Le numérique est un gouffre énergétique

Le numérique est un gouffre énergétique


Par Béatrice Mingam, le 22 avril 2024


Energie, eau, émissions de gaz à effet de serre... Selon Aloen, l’agence locale Energie Climat de Bretagne Sud, et l’Ademe, le numérique a un impact conséquent sur l’environnement, notamment au moment de sa fabrication. Produire un ordinateur, par exemple, nécessite l’extraction de matières premières et de métaux rares. Une fois fabriqué, il est exporté, distribué, puis utilisé. 600 kg de matières premières sont mobilisés pour fabriquer un ordinateur portable de 2 kg. 103 kg de CO2 sont générés sur les 156 kg émis sur l’ensemble de son cycle de vie.

 


Le nombre d’équipements - ordinateurs, smartphones, téléviseurs, tablettes et autres objets connectés - sont en constante augmentation, leurs émissions de gaz à effet de serre aussi. Un foyer français compte entre quatre et vingt-huit écrans, la moyenne se situant autour de onze.

 

La consommation liée à nos usages numériques est en croissance de 12 % par an. Nos usages immatériels sur internet représentent plus de 7 % de la consommation électrique mondiale. Quant à l’envoi d’un mail, il correspond à une ampoule électrique allumée pendant... 25 minutes.

 

Les outils qui consomment le plus sont les data centers. Leur progression est expliquée par la multiplication des services offerts notamment par le cloud pour le stockage des données, mais aussi les boîtes de messageries électroniques surchargées de mails en dormance (qui coûtent de l’énergie) et la croissance très rapide du nombre d’utilisateurs à l’échelle mondiale. On est tous connectés, on utilise tous beaucoup internet. La solution ? Un nettoyage quotidien de sa boîte mail et un gros ménage de printemps.

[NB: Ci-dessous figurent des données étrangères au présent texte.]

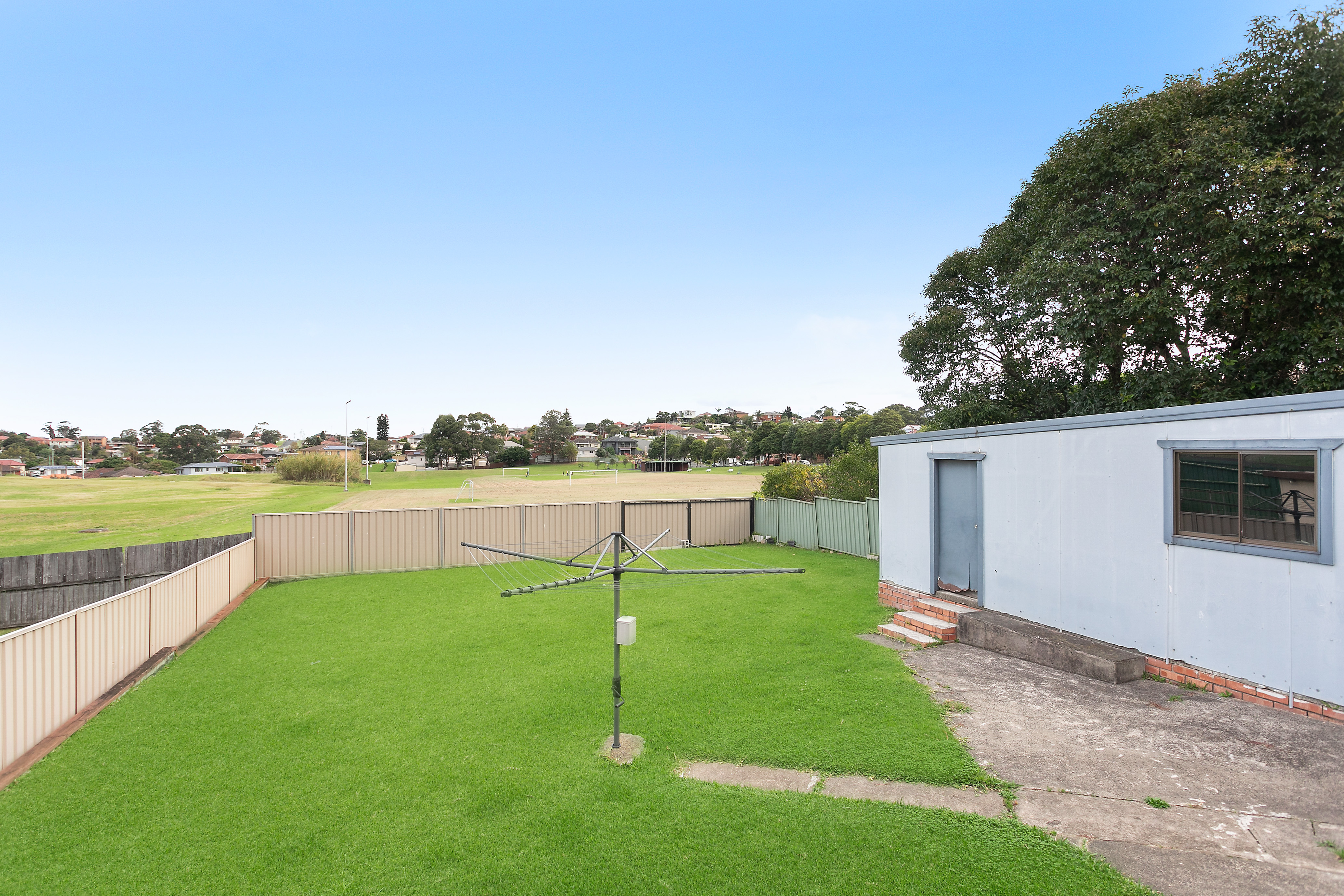 11 Gilgandra Street, Lake Heights, NSW, 2502, Lake Heights - Thumbnail 5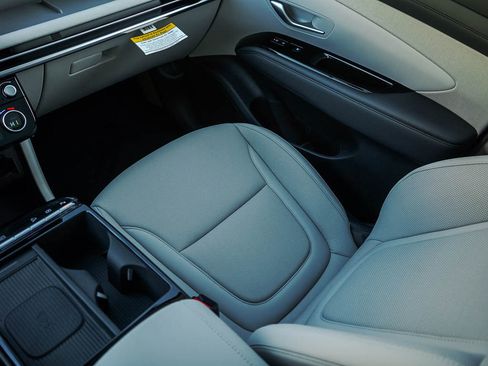 New 2026 Hyundai Tucson Limited image 26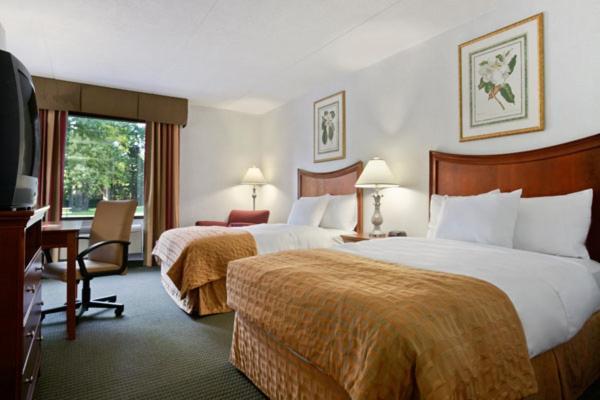 Courtyard By Marriott West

Passer de 2 à 4 ans d’usage pour une tablette ou un ordinateur améliore de 50 % son bilan environnemental

 

Il est aussi important de se questionner sur sa consommation numérique, ses usages et leur utilité. Le geste qui aura le plus d’impact est de renouveler le moins souvent possible nos équipements.

 

La phase de fabrication s’avère plus énergivore que la phase d’utilisation du produit par les consommateurs. Plus émettrice en CO2 aussi, puisque la plupart des composants sont fabriqués en Chine ou en Corée, dont l’électricité provient du charbon et pèse donc lourdement dans le changement climatique. Leur transport (en avion le plus souvent) vient encore alourdir le bilan.


Ce chiffre est évocateur : le fait d'utiliser une tablette ou un ordinateur pendant quatre ans au lieu de deux ans améliore sont bilan environnemental de 50 %.

 

On peut aussi privilégier l’achat d’appareils d’occasion, reconditionnés, réparables. A Lanester par exemple, Défis reconditionne de vieux appareils en machines à nouveau opérationnelles (lire plus bas). En remplaçant le disque dur classique d'un vieil ordinateur par un SSD chez un réparateur, vous pouvez aussi donner une nouvelle jeunesse à votre équipement.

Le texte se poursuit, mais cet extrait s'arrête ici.